__What you will do__: Nothing but the lines from the one containing "محل للإيجار في" to the end of the records that follow should be transcribed, each exactly, with the pictures left out.

__Dataset excerpts__:
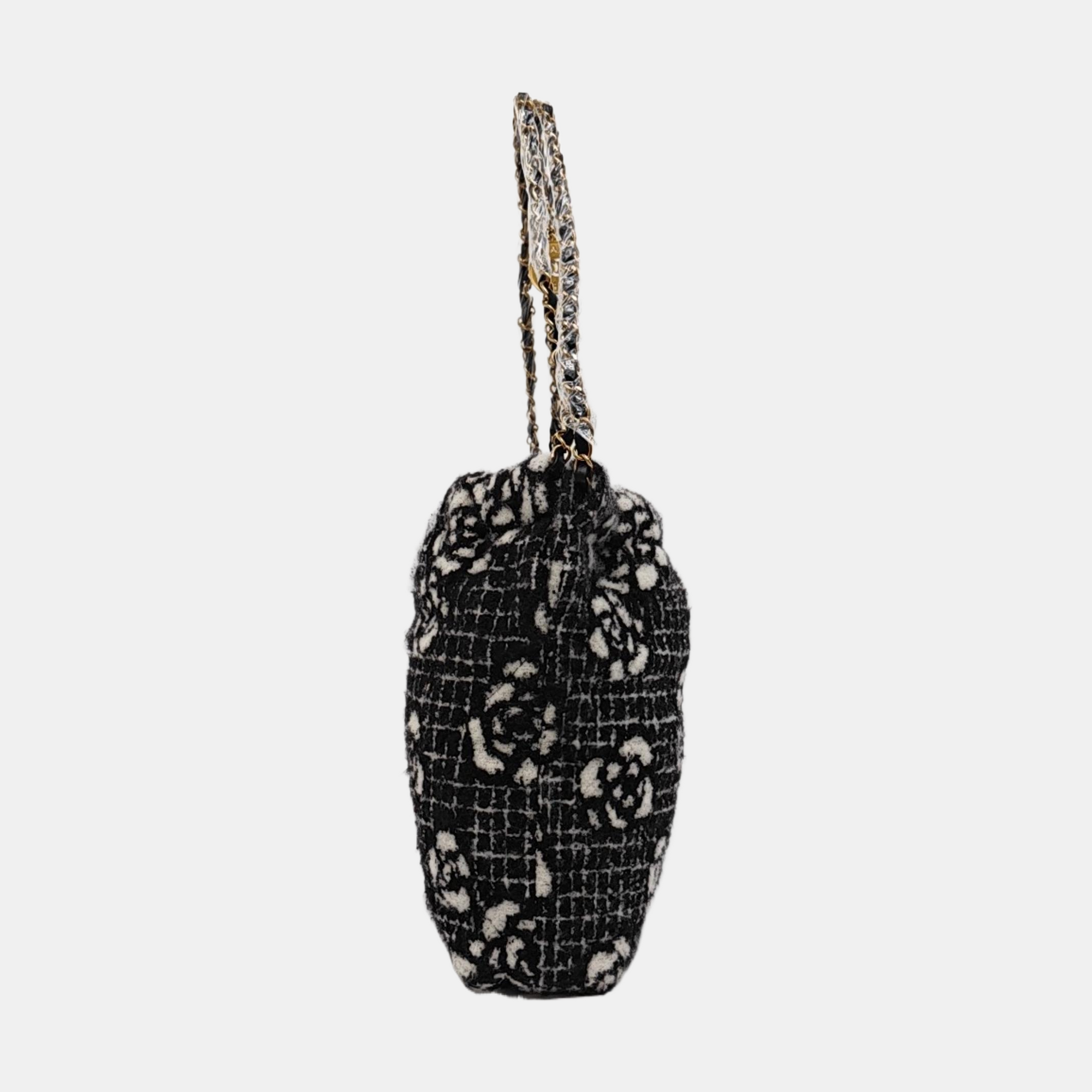 CHANEL 22 Small Fabric Multicolor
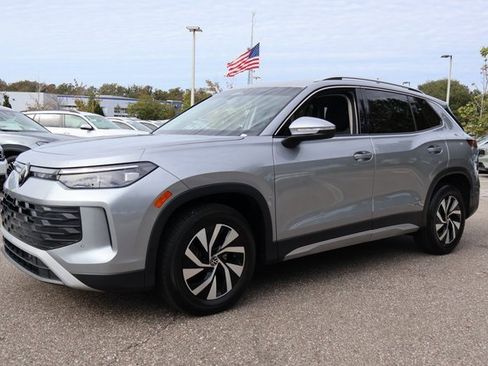 Certified 2025 Volkswagen Tiguan S image 4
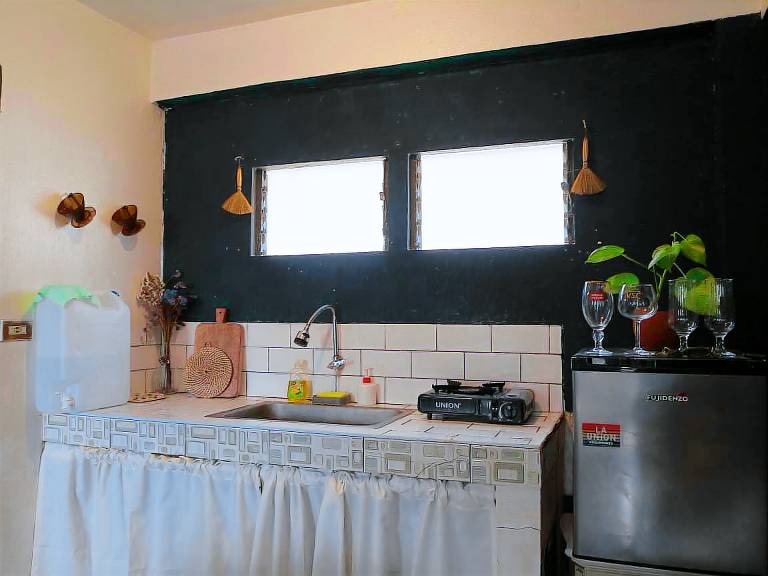 Art House by the Beach (Beachside property) — photo 5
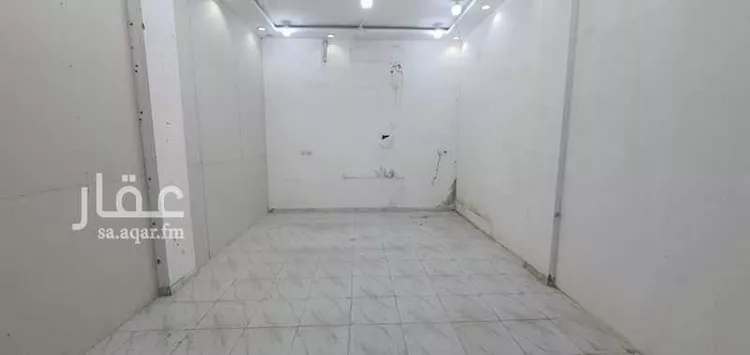 محل للإيجار في شارع حسن عبدالله حسن الشهري, حي الغدير, مدينة أبها, منطقة عسير صورة 3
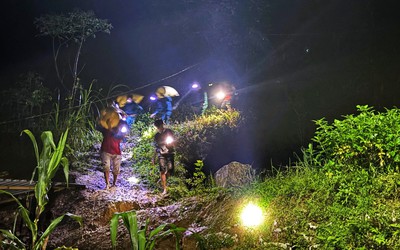 Người dân miền núi Đà Nẵng rời làng trong đêm, căng mình phòng chống bão lũ sạt lở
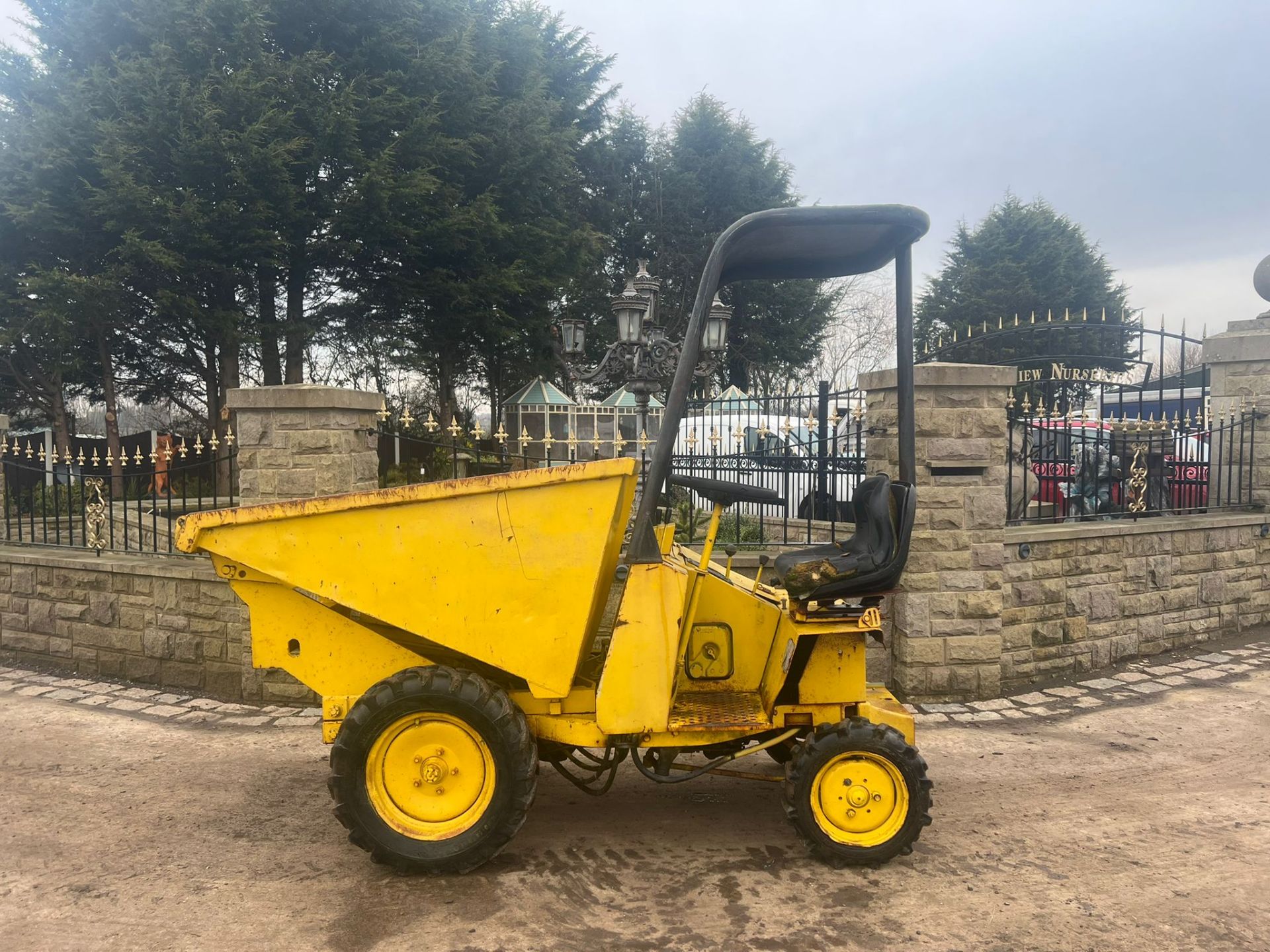 AUSA HIGH TIP DUMPER HATZ DIESEL ENGINE, RUNS DRIVES TIPS, ELECTRIC START *NO VAT* - Image 3 of 12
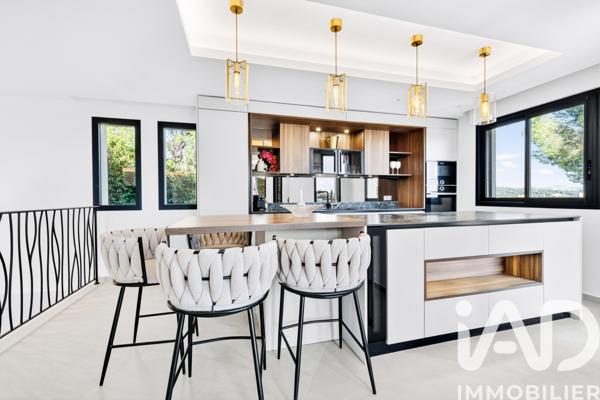 Maison à vendre 8 pièces 200 m² Mandelieu-la-Napoule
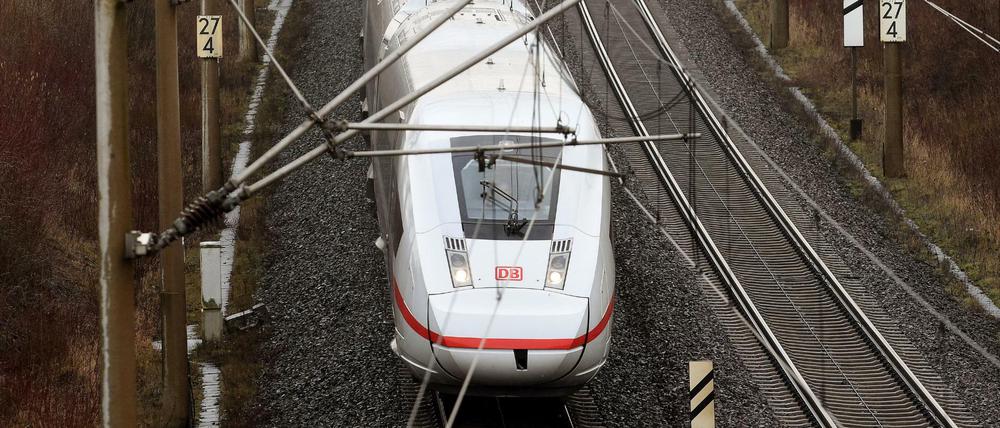 Ein ICE 4 befährt die Bahnstrecke Göttingen-Hannover nahe des Ortes Emmerke westlich von Hildesheim.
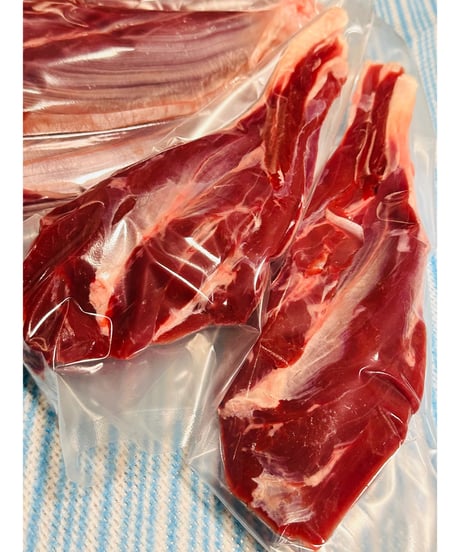 バージョン6⭐️鹿肉🦌スネ肉1キロ🐶😃毎日のご飯🥩にもリーズナブルで嬉しい🌸スネ肉は煮込みでも・生でも・ジャーキーにしてもアキレスジャーキーみたいになって美味しい🐶👩🌸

__Solution for this problem__:
 محل للإيجار في شارع حسن عبدالله حسن الشهري, حي الغدير, مدينة أبها, منطقة عسير صورة 3
 Người dân miền núi Đà Nẵng rời làng trong đêm, căng mình phòng chống bão lũ sạt lở
 AUSA HIGH TIP DUMPER HATZ DIESEL ENGINE, RUNS DRIVES TIPS, ELECTRIC START *NO VAT* - Image 3 of 12
 Maison à vendre 8 pièces 200 m² Mandelieu-la-Napoule
 Ein ICE 4 befährt die Bahnstrecke Göttingen-Hannover nahe des Ortes Emmerke westlich von Hildesheim.
 バージョン6⭐️鹿肉🦌スネ肉1キロ🐶😃毎日のご飯🥩にもリーズナブルで嬉しい🌸スネ肉は煮込みでも・生でも・ジャーキーにしてもアキレスジャーキーみたいになって美味しい🐶👩🌸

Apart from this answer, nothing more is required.